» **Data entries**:
=== Section Start ===
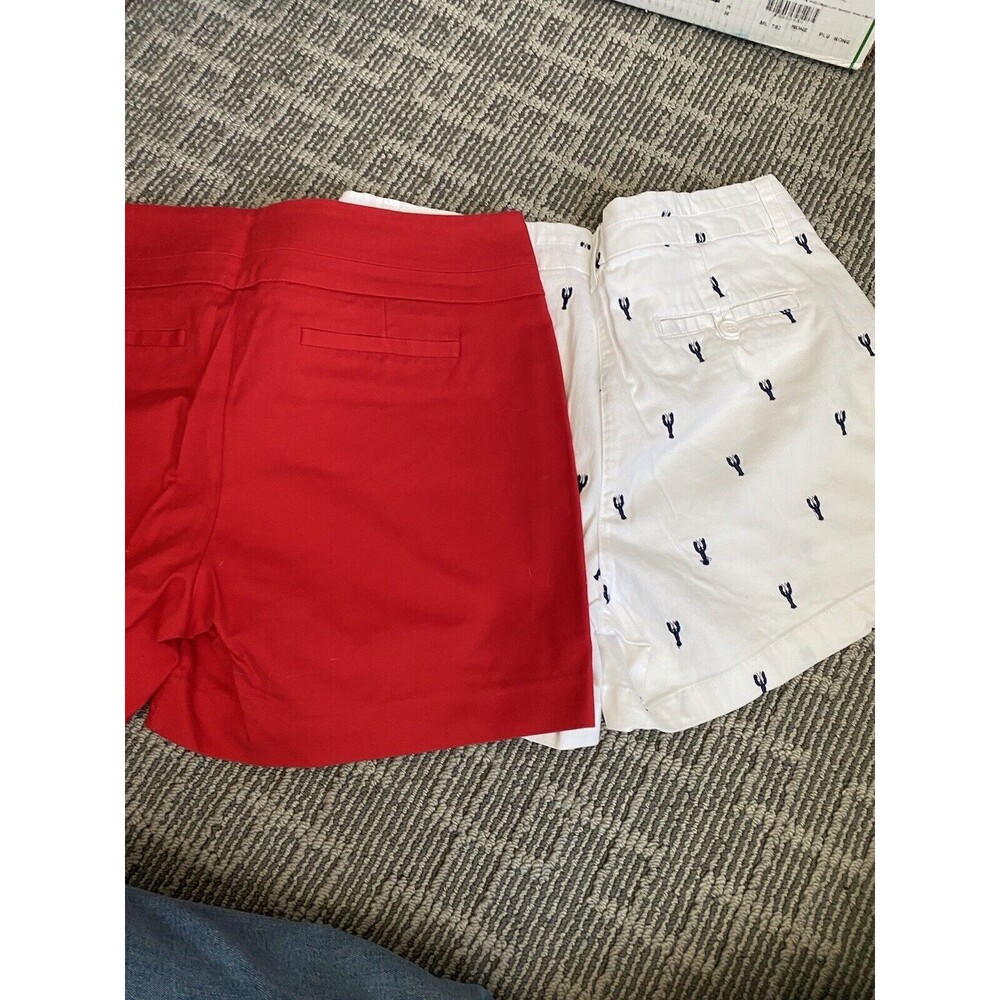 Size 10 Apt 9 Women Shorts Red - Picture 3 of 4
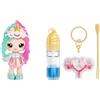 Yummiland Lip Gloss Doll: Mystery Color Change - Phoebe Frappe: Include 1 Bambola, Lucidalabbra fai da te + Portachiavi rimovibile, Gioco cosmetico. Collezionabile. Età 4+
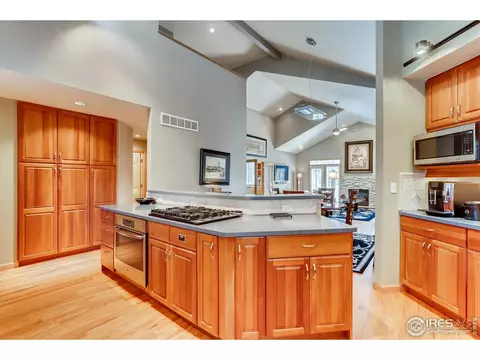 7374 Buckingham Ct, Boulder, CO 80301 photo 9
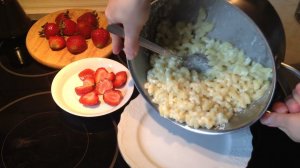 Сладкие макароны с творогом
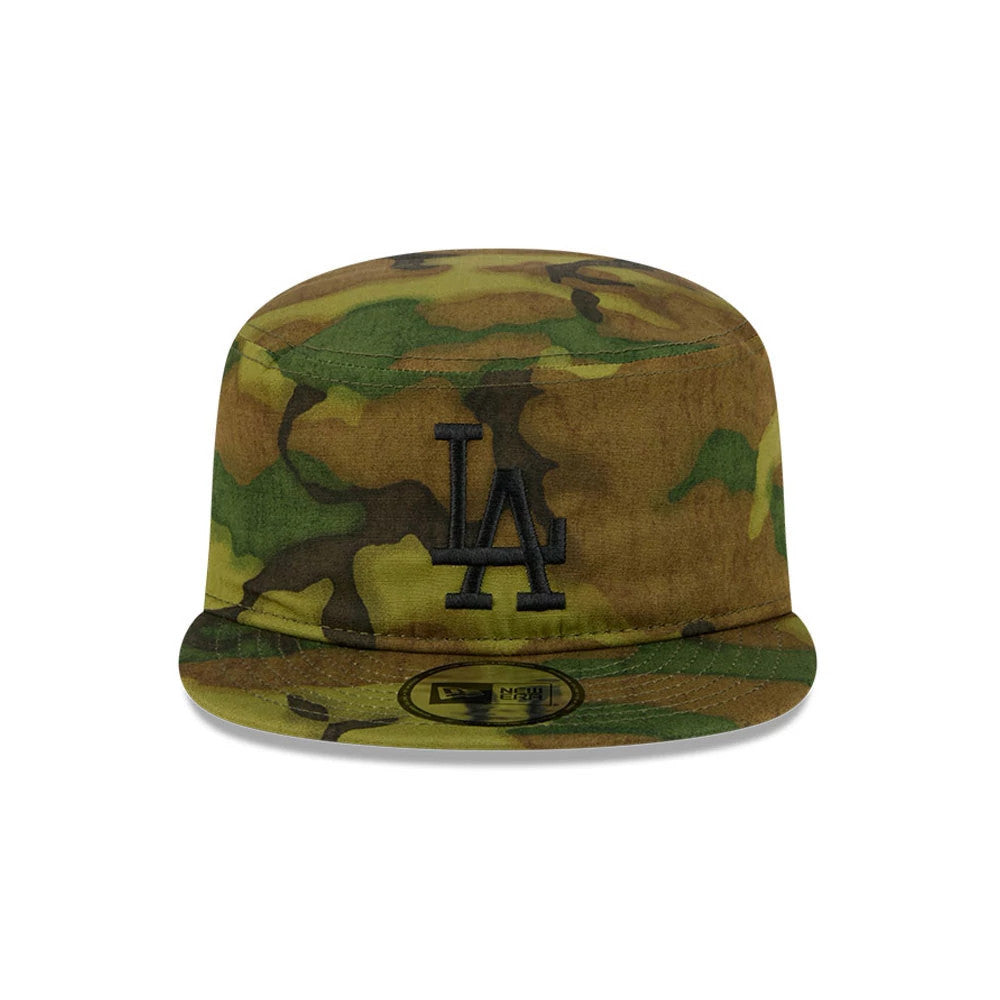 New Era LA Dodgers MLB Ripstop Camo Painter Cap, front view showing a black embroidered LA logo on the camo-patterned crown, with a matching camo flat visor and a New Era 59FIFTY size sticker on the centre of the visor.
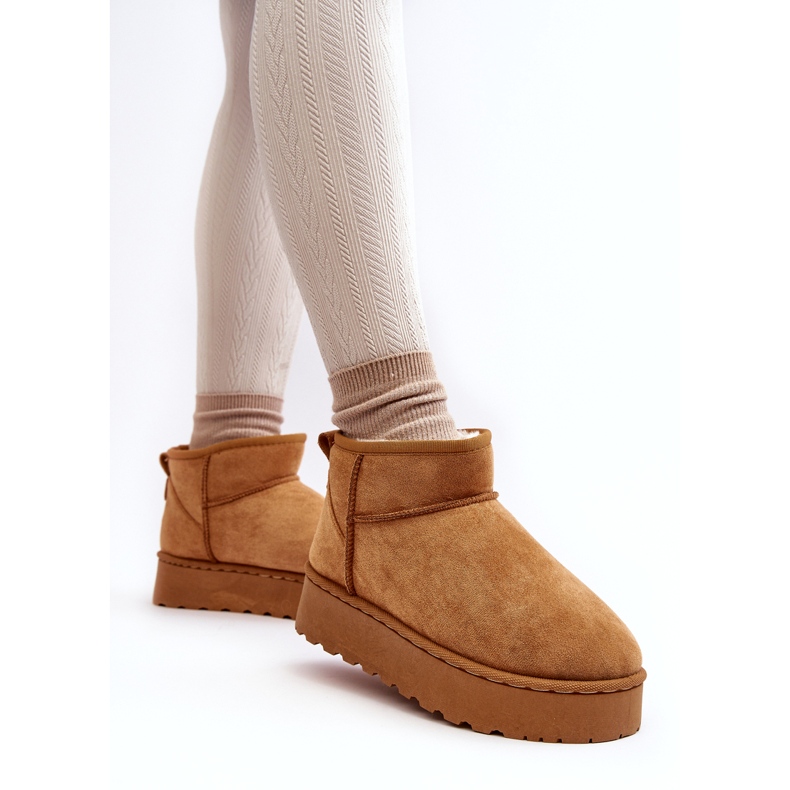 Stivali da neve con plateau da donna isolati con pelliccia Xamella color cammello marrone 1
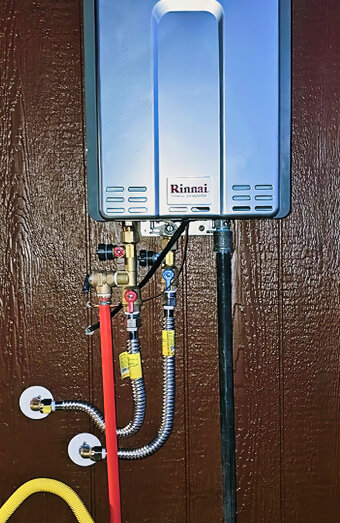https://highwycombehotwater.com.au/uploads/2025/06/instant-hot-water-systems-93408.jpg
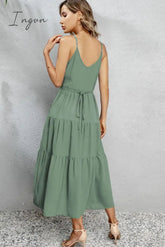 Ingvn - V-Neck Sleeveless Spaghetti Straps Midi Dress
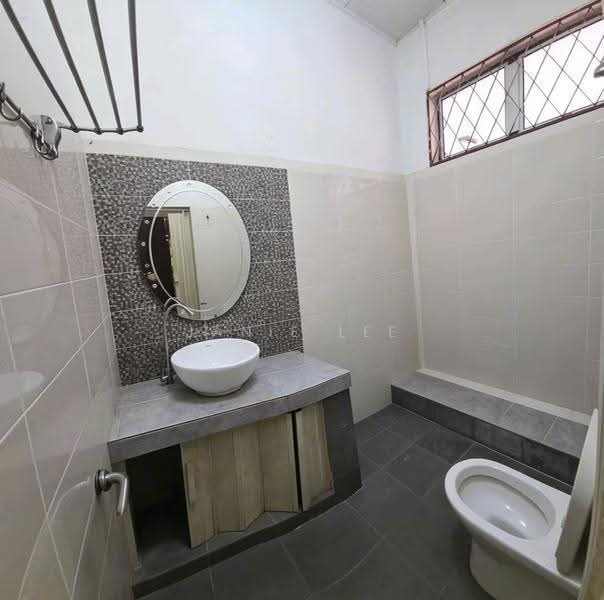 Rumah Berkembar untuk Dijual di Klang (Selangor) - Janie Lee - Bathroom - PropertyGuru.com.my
=== Section End ===
=== Section Start ===
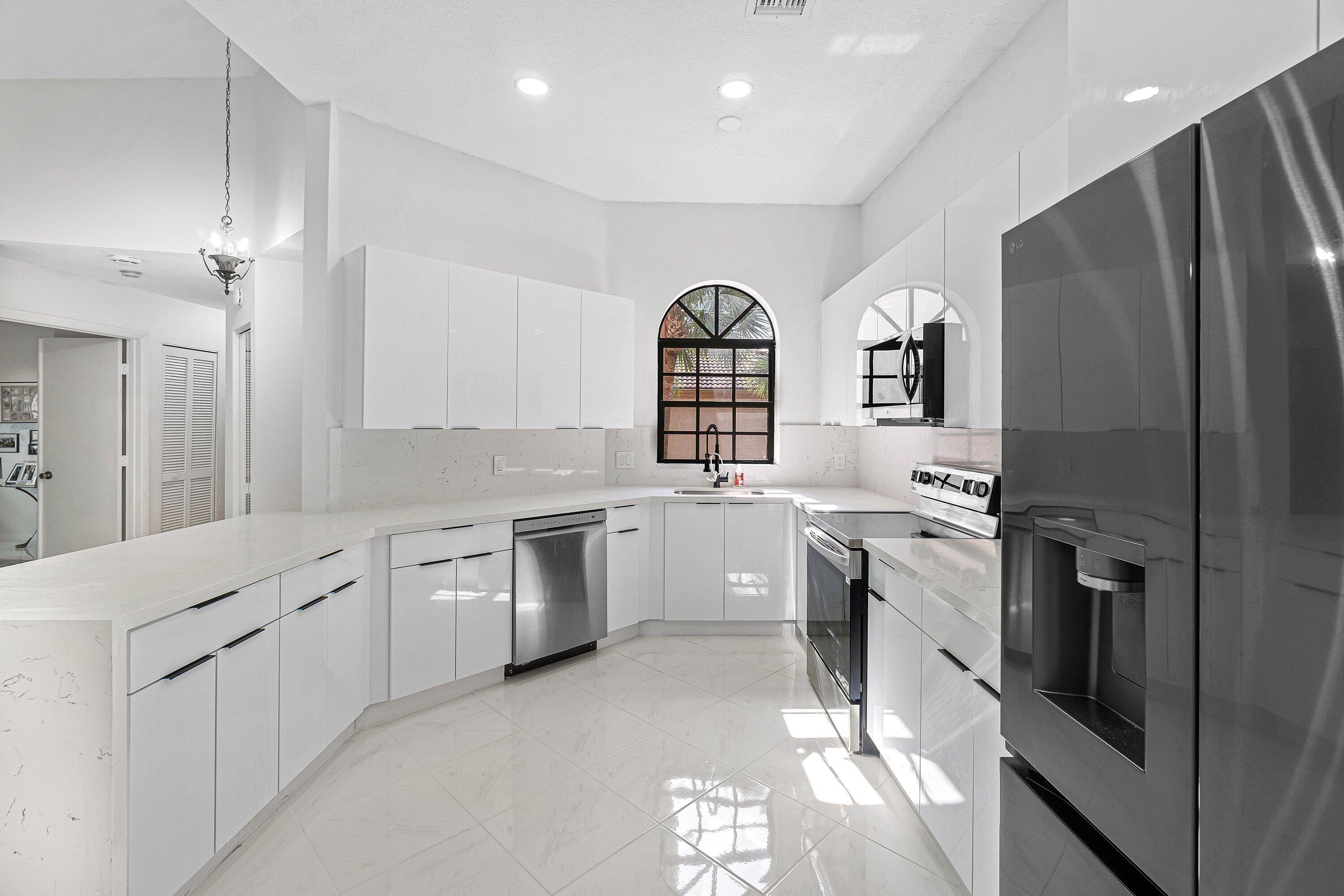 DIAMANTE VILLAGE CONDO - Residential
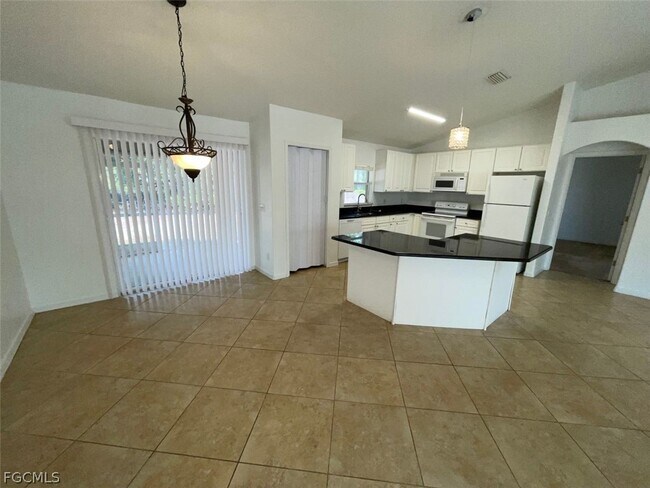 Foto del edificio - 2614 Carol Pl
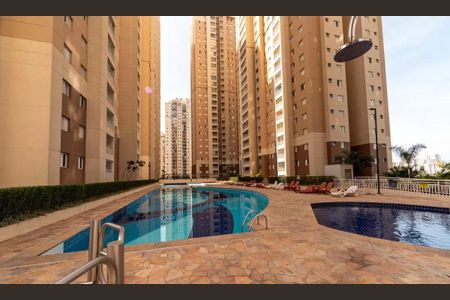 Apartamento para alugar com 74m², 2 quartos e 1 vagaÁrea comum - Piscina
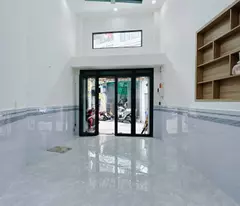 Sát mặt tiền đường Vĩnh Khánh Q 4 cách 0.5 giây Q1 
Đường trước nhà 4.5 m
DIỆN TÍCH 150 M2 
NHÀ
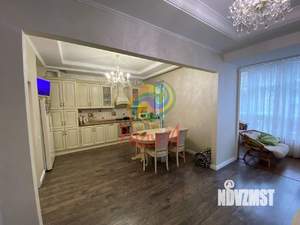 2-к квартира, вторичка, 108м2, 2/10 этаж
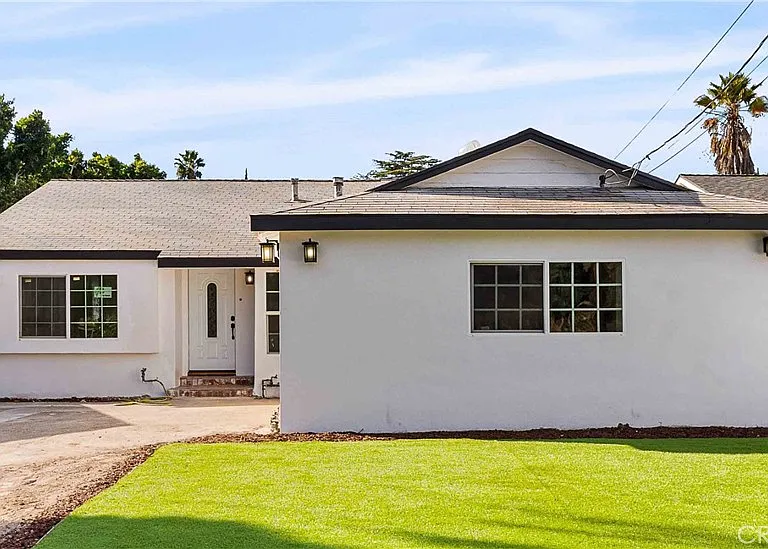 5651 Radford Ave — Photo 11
=== Section End ===
» **DESCRIPTION OF THE TASK**:
Exact copy, pictures excluded: every line above from the one containing "Size 10 Apt" to the one containing "Сладкие макароны с творогом", inclusive, and nothing more.

» **ANSWER TO THIS EXERCISE**:
 Size 10 Apt 9 Women Shorts Red - Picture 3 of 4
 Yummiland Lip Gloss Doll: Mystery Color Change - Phoebe Frappe: Include 1 Bambola, Lucidalabbra fai da te + Portachiavi rimovibile, Gioco cosmetico. Collezionabile. Età 4+
 7374 Buckingham Ct, Boulder, CO 80301 photo 9
 Сладкие макароны с творогом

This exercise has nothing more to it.